Ainda assim, e com um ano passado, diz agora que não imaginava que o protesto levasse mais de 12 dias, mas também que o voltava a realizar nas mesmas circunstâncias.
“Nunca pensei que as coisas fossem chegar àquele ponto. Pensei que quando eles [Governo angolano] se apercebessem que eu estava a falar a sério e que não pretendia desistir que eles fossem fazer o mais simples, que era aplicar a lei. Não era fazer-me uma vontade”, afirma.
A 28 de março voltou para a prisão, condenado a cinco anos e meio de cadeia por atos preparatórios para uma rebelião e associação de malfeitores – tendo sido libertado no final de junho, juntamente com os restantes 16 ativistas.
Para Luaty Beirão, um dos rostos da contestação aos 37 anos no poder de José Eduardo dos Santos, este caso só veio dar “mais força” a quem não concorda com o modelo de governação de Angola.
“Senti que chegou um momento na minha vida em que eu não posso simplesmente aceitar que é assim que temos de estar e que é preciso fazer alguma coisa, porque temos filhos, vamos ter netos e é preciso deixar isto um bocado melhor do que o que estamos a encontrar”, critica.
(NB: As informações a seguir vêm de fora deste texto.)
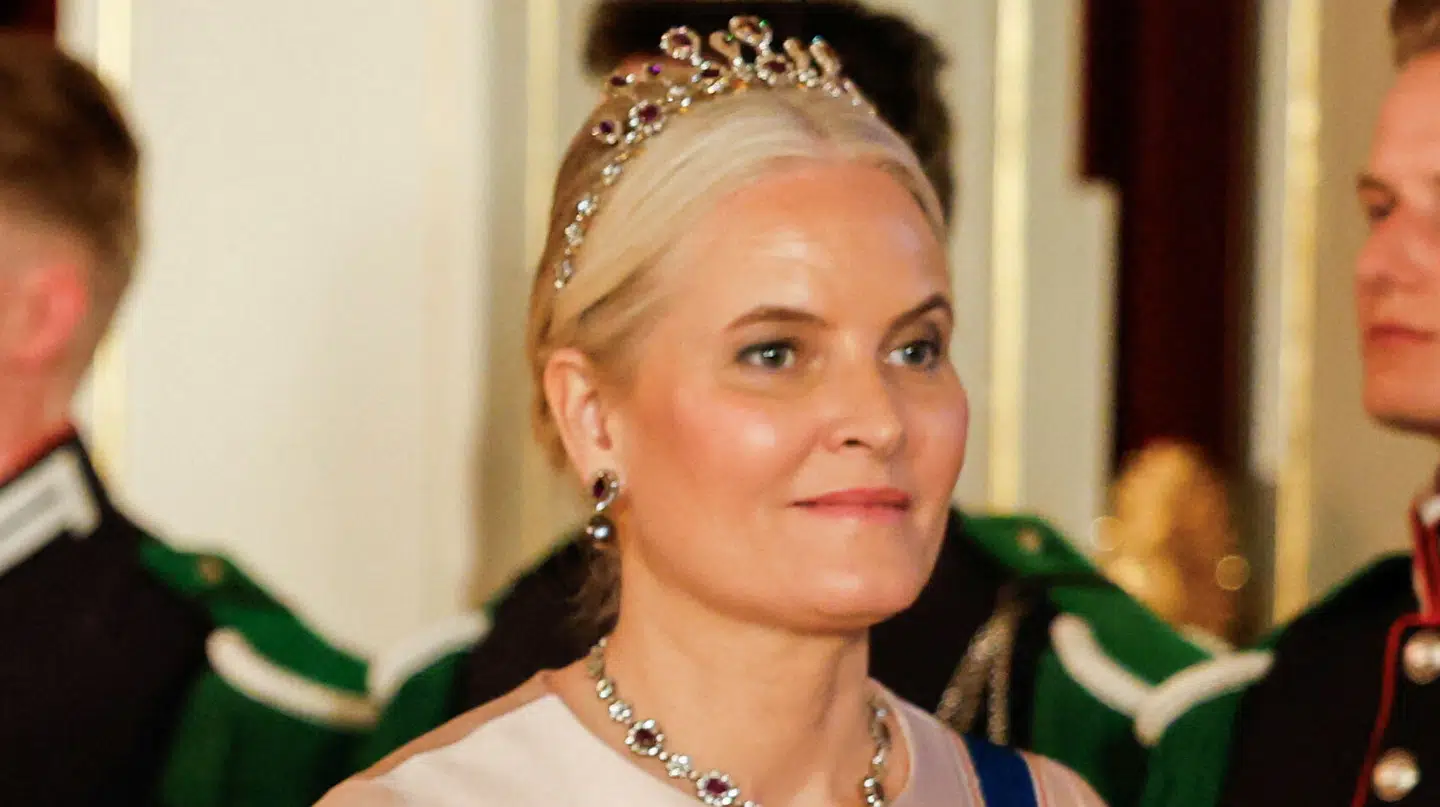 Kronprinsesse Mette-Marit har haft brug for tid, men snart må hun møde den norske befolkning og svare på spørgsmål om sit forhold til Jeffrey Epstein – og særligt ét spørgsmål om relationen mangler vi svar på, siger en kongehusekspert nu.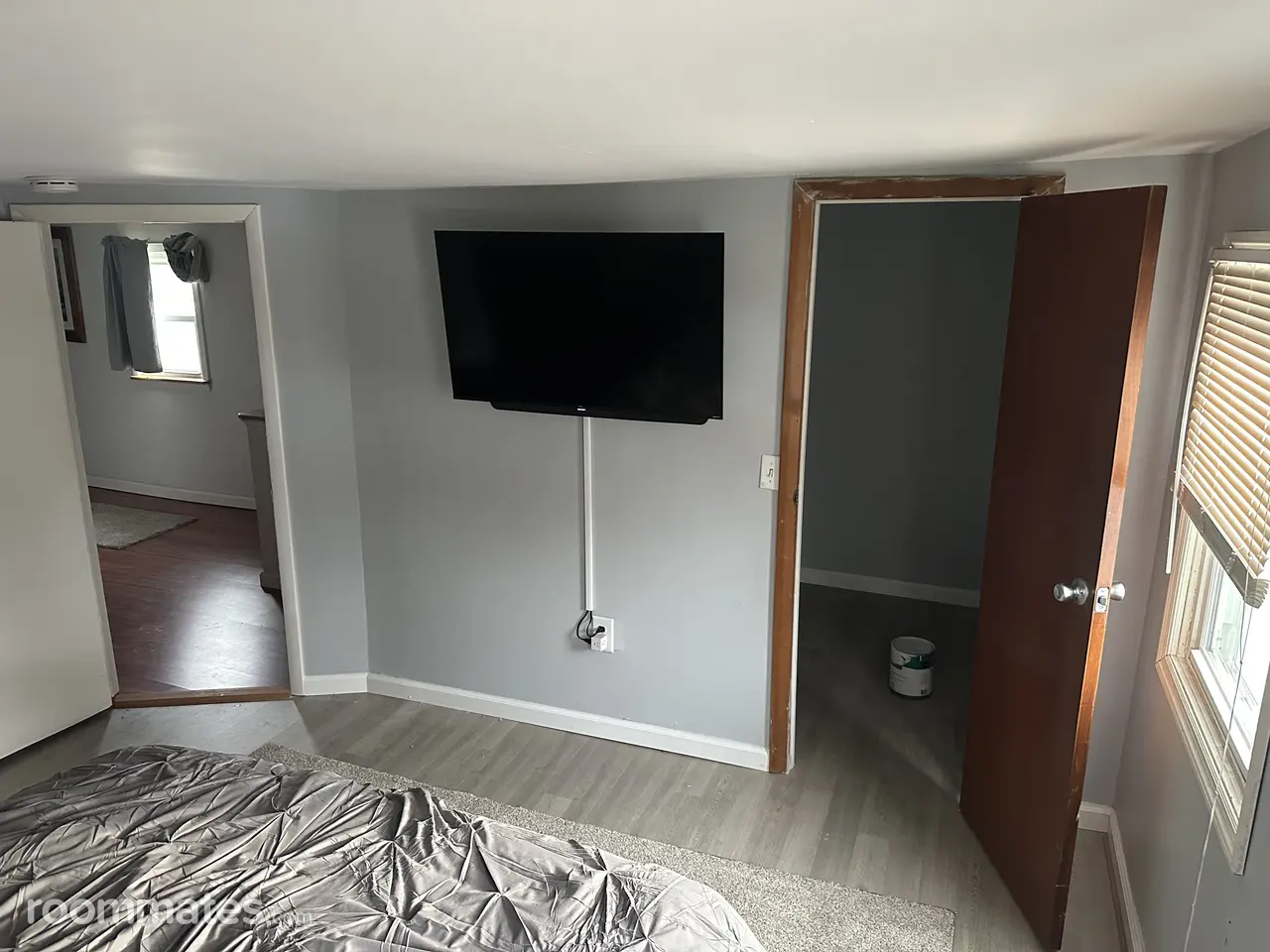 Profile photo 1 of 8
Garante que o que está a acontecer é um “amadurecimento” da sociedade, através de uma “cidadania responsável” que começa a ganhar corpo em Angola, para a qual a visibilidade da greve de fome de há um ano também contribuiu.
“O país acaba por sair a ganhar porque são pequenos gestos que fazem com que a nossa pseudo-democracia possa amadurecer. Habituamo-nos a viver com a doença, a sobreviver. E quando morremos foi de quê? De estar vivo”, ironizou.
Luaty Beirão afirma que o regime angolano está agora pressionado internacionalmente e garante que o pior, em termos de saúde, já passou.
“Até pela barriguinha que já está a sair, eu acho que estou totalmente recuperado”.
Luaty Beirão relata dias dias de prisão em diário
O diário dos primeiros dias de prisão do luso-angolano Luaty Beirão vai chegar às bancas, em livro, devido à “astúcia” de colocar o original no interior de um jornal, contou o ativista, em entrevista à Lusa.
“Aproveitei uma visita e meti entre jornais que não podiam entrar. Voltaram para casa [os jornais], com o caderno lá dentro. Não quisemos correr o risco de fazer de outra forma, o resultado está aí, porque foram lá à cela e levaram o outro caderno, que agora não aparece”, começa por explicar Luaty Beirão.
O diário, de 100 páginas, retrata os primeiros 16 dias de prisão preventiva, até ao início de julho, quando o ativista e outros do mesmo grupo partilhavam espaço numa cadeia com cerca de 1.500 reclusos.
“Durante aqueles primeiros dias cheguei a ficar 47 horas trancado na cela, sem luz. Lembro-me de estar na altura tranquilo, embora em alguns momentos aborrecido com o que se estava a passar, mas geria-se. Estávamos mentalizados que íamos estar ali muito tempo”, explica.
Segundo Luaty Beirão, o diário – que será publicado em livro, no final de novembro – “não é sequer um quinto do material estava nos restantes cadernos”, que acabaram apreendidos pelos Serviços Penitenciários, já que tudo tinha de ser verificado à saída do estabelecimento prisional.